Çocuklarda, depreme bağlı psikolojik sıkıntılarla ilgili olarak dikkat edilmesi gereken birçok bulgu vardır. Bunlar arasında, huzursuz ve ajite davranışlar, öfke nöbetleri, uyku sorunları, korkunç rüyalar görme ve ağlayarak uyanma, kaybettiği kişinin hayaletini gördüğünü söyleme, arkadaşlarıyla beraber olma ve oyun isteğinin azalması, bebeksi davranışlar, dikkat bozukluğu, büyüklere aşırı bağımlılık geliştirme, yatak ıslatma, tanısı konulamayan ağrılardan yakınma, kusma, okul başarısında düşme sayılabilir. Bu bulguları tanıyıp, ilgili bir yaklaşımla çocuğa yardımcı olmak gerekir.

Çocuğa özel zaman ayırıp onunla konuşmak, güven vermek, ortak aktiviteler düzenlemek, günlük yaşamda sorumluluk almasına destek olmak, gereğinden fazla sorumluluk yüklememek, sorunun daha kısa sürede çözümüne destek olacaktır. Eğer yukarıda ifade ettiğim bulgular 10 günü geçerse ve artarak devam ederse, profesyonel destek almak ihmal edilmemelidir.

Çocukların travma yaşaması demek, illaki o olaya maruz kalması demek olmuyor. Özellikle yaşı küçük çocukların olayı televizyondan izlemesi ya da aile bireylerinden duyması da travmatik etkilere neden olabilir.

Depreme doğrudan maruz kalmamış, deprem haberlerini televizyondan veya aile içi konuşmalardan öğrenen, etkilenip kaygı duyan çocuklara ise ilk olarak deprem hakkında yumuşak bir dille bilgi vermek faydalı olacaktır.

Deprem nedir, nasıl oluşur, deprem anında neler olur gibi sorulara, çocuğun anlayacağı bir dille anlatılmalıdır. Burada çocuğun kafasını karıştıracak gereksiz bilgileri vermemeye, korkutmamaya, düz ve yalın bir dil kullanmaya dikkat etmek gerekecektir. Kaygıya ve korkuya kapılan bu çocukların “senin yanındayız” “güvendeyiz” gibi sözleri duymaya, hatta sarılmak gibi fiziksel temaslara ihtiyacı olacaktır.
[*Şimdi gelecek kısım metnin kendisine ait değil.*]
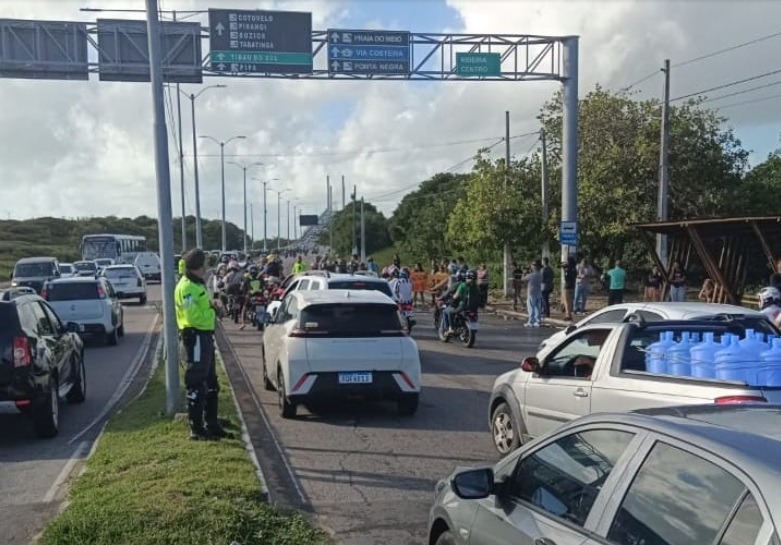 Manifestantes fecham via de acesso a ponte Newton Navarro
Eylül 2019’da İstanbul’da gerçekleşen depremde 10 yaşındaki kızım okuldaydı ve arkadaşları ile korku dolu bir deneyim yaşamıştı. Deprem sonrası yaşadığı kaygı ve korku birkaç gün devam etti. O birkaç gün boyunca, kendisi ile her istediğinde konuştuk depremi. Yaşadığı kaygıyı görmezden gelmedik asla. Deprem gibi doğal afetler kontrol edemediğimiz süreçlerdir.

Kızım ile kontrol edebileceğimiz ve kontrol edemeyeceğimiz süreçleri, onun anladığı dilde konuştuk. Birlikte “Deprem Çantası” hazırladık. Her odaya birer küçük el feneri koyduk. Evdeki dolapları sabitledik.

Deprem anında ne yapacağımızı konuştuk. Hatta deprem sırasında yine okulda veya bizden uzakta bir yerde olursa, neler yapacağını biz ona ulaşana kadar neler yapması gerektiğini planladık. Tüm bunların sonunda kızımın deprem kaygısı tehlike arz etmeyen bir seviyeye indi.

Unutmayalım ki ebeveynler olarak bizler deprem ve alınması gereken önlemler konusunda süreçleri doğru öğrenmeli, çocuklarımıza doğru rol model olmalıyız. Deprem, kişinin yaşamını can, mal ve anlam boyutlarında tehdit eden önemli bir stres unsuru olduğundan, tepki olarak ciddi psikolojik, sosyal uyum ve performans sorunları yaratmaktadır. Ülkemizde, insanların deprem konusunda bilinçlendirilmesi, bedensel ve psikolojik etkilere yönelik kendi kendine ve yakınlarına yardım konusunda eğitilmesi, gerekli durumlarda profesyonel destek olanaklarından yararlanabilmesi, toplum sağlığı açısından, en az yapıların imarı kadar önem taşımaktadır.